Ее характер настолько сильно закалился, что ей казалось, что она уже утратила все женское, что когда-то в ней было.

Слабость, которую она когда-то проявила, завела ее практически в гроб, и сейчас Геля, если хотела выжить, не могла себе позволить опять превратиться в тряпку.

Медсестра покинула комнату, и, вздохнув, Геля включила телевизионную панель, висящую напротив ее кровати, нашла интересный платный канал с кинофильмами, но из-за вечернего приема лекарств, все равно отключилась, так и не досмотрев фильм до конца.

Когда Михен вернулся из клуба к вечеру, то застал Гелю спящей. Он какое-то время сидел возле ее кровати и рассматривал черты ее лица. Даже во сне она казалась какой-то хмурой и настороженной, но безумно хрупкой и уязвимой.

Михен прекрасно понимал, что за боевой маской, которую она на себя надевает, прячется очень чувственная и одинокая женщина. Он видел ее взгляд в тот единственный раз, который украл в ее квартире, и ему в тот момент захотелось, чтобы она всегда так смотрела на него.

- Боец, - прошептал Михен, и обвел осторожно пальцем ее чуть приоткрытые нежные губы.

***

К вечеру Лина уже еле волочила собственные ноги. Она настолько сильно устала, из-за бессонной ночи, да потом еще и такого бурного утра, и напряженного рабочего дня, что в ее глазах уже не то что двоилось, но уже и черные точки летали, и она чуть было сознание не потеряла, когда собиралась домой.
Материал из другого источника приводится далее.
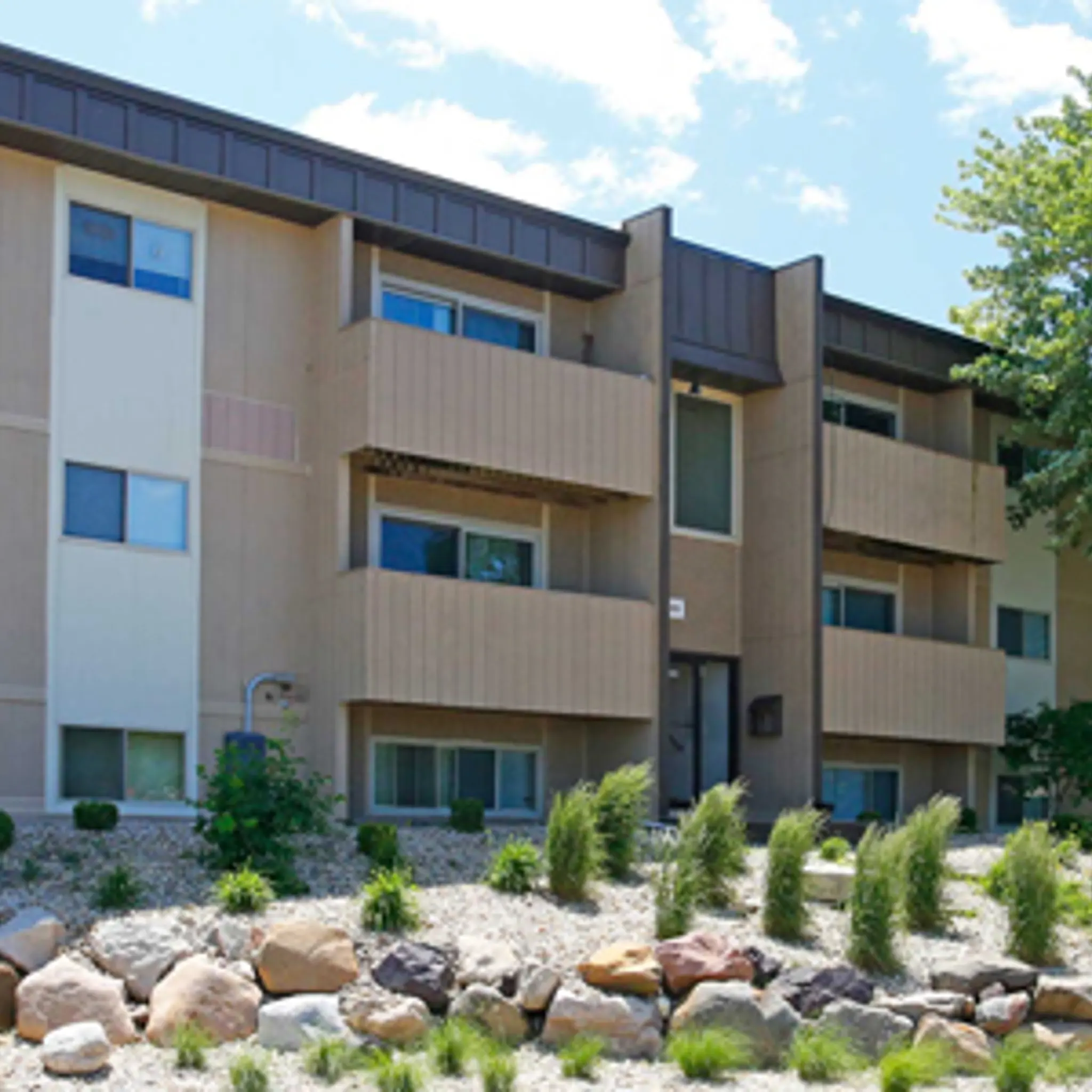 Home Flats at Dunlap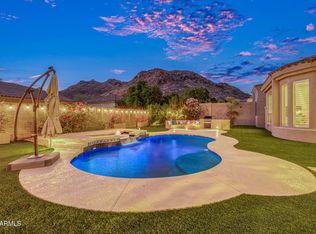 27540 N 83RD Drive, Peoria, AZ 85383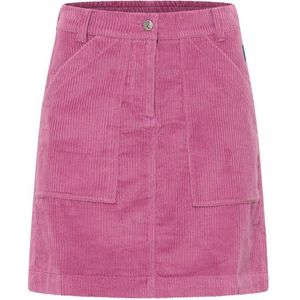 Tranquillo Womens Minirock aus Cord Rok (Dames |roze)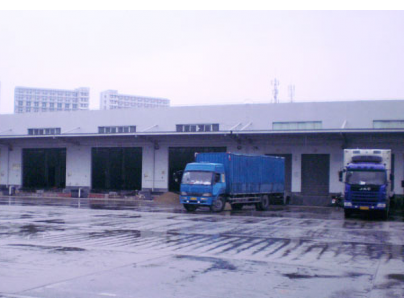 雅玛多1600m3大型物流冷冻库（低温冷藏库）工程建造方案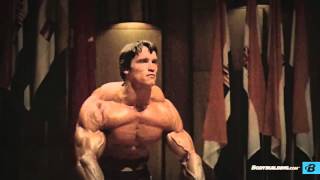 Arnold Beast Old School Bodybuilding Motivaton [upl. by Mei87]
И только лишь прохладный душ, совсем немного ее взбодрил.

Ей впервые пришлось отказаться выйти на подмену. Хотя раньше она всегда бралась за ночные дежурства, и сил хватало. Но Герман словно выкачал из нее всю энергию, и Лина поняла, что ей просто опасно в таком состоянии работать.

«Надо срочно все это прекращать», - подумала она, открывая дверь и выходя на крыльцо клиники.

Вот только как прекращать, она совершенно не понимала. Герман явно не тот человек, который позволит ей самой что-то решать. Рядом с ним она ощущала себя маленькой щепкой, а Германа ураганом, ворвавшимся в ее жизнь, и заставившим ее встряхнуться. И это всего лишь за каких-то три дня.

Быть может, в другой жизни, где не было ее встречи с бывшим мужем, где бы у нее не было ребенка, который неизвестно где находится и не известно в каких условиях живет, Лина и позволила бы себе расслабиться и нестись в потоках стремительного и такого всепоглощающего ветра, имя которому Герман. Но не сейчас. Сейчас она должна работать и зарабатывать деньги на адвоката, а не ехать домой отсыпаться, потому что сил нет стоять на ногах. К тому же Лина боялась, что в таком состоянии может что-то перепутать и навредить больным, а это самый наихудший вариант, из всех возможных. Мало того, что она лишится работы и хорошей характеристики, так еще кто-то может пострадать. А это Лина допустить никак не могла. Вот и решила, что лучше ночь отоспится, как следует, а завтра уже выйдет в ночную смену, а потом может быть еще на сутки останется, если получится.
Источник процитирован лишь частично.